Il mio ictus: cosa ho visto in Italia
Dopo l’ictus, vivendo in Italia, mi sembra ci sia qualcosa che non funziona. Non ho ancora capito bene cosa, ma noto una certa mancanza di empatia da parte di molti sanitari.
Tra le persone comuni, invece, vedo tanta ignoranza: la stessa che avevo io prima di esserne colpito.
Quando ne parlo con qualcuno, la prima cosa che mi dicono è: “Sei stato fortunato”.
Chiedo perché, e la risposta è: “Perché i nostri conoscenti che hanno avuto la stessa cosa sono rimasti su un divano a pisciarsi addosso”.
Io rispondo che credo sia merito di chi mi ha portato in ospedale due ore dopo l’ictus: mi hanno curato subito e il cervello non si è rovinato del tutto.
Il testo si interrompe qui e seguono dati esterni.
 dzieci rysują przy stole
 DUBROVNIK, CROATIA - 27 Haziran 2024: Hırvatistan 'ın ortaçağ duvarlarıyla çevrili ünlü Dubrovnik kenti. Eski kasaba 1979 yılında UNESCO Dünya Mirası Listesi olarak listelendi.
Dico anche che spesso a casa si aspetta troppo: se non si interviene entro 6-8 ore, i danni diventano pesanti. Dipende anche da dove colpisce, parte destra o sinistra del cervello.
Magari la persona è anziana, un po’ confusa, e non ci si accorge dei sintomi. E invece di portarla in ospedale, la si tratta male, pensando che stia solo peggiorando di carattere. Capita.
Parlare con i sanitari
Con i medici ho imparato a chiedere di rispondermi scritto. Perché magari per i prossimi 30 secondi ricordo e rispondo bene, ma basta un attimo di distrazione e dimentico i particolari.
Ho parlato con molti specialisti, sia in Bielorussia che in Italia.
La differenza?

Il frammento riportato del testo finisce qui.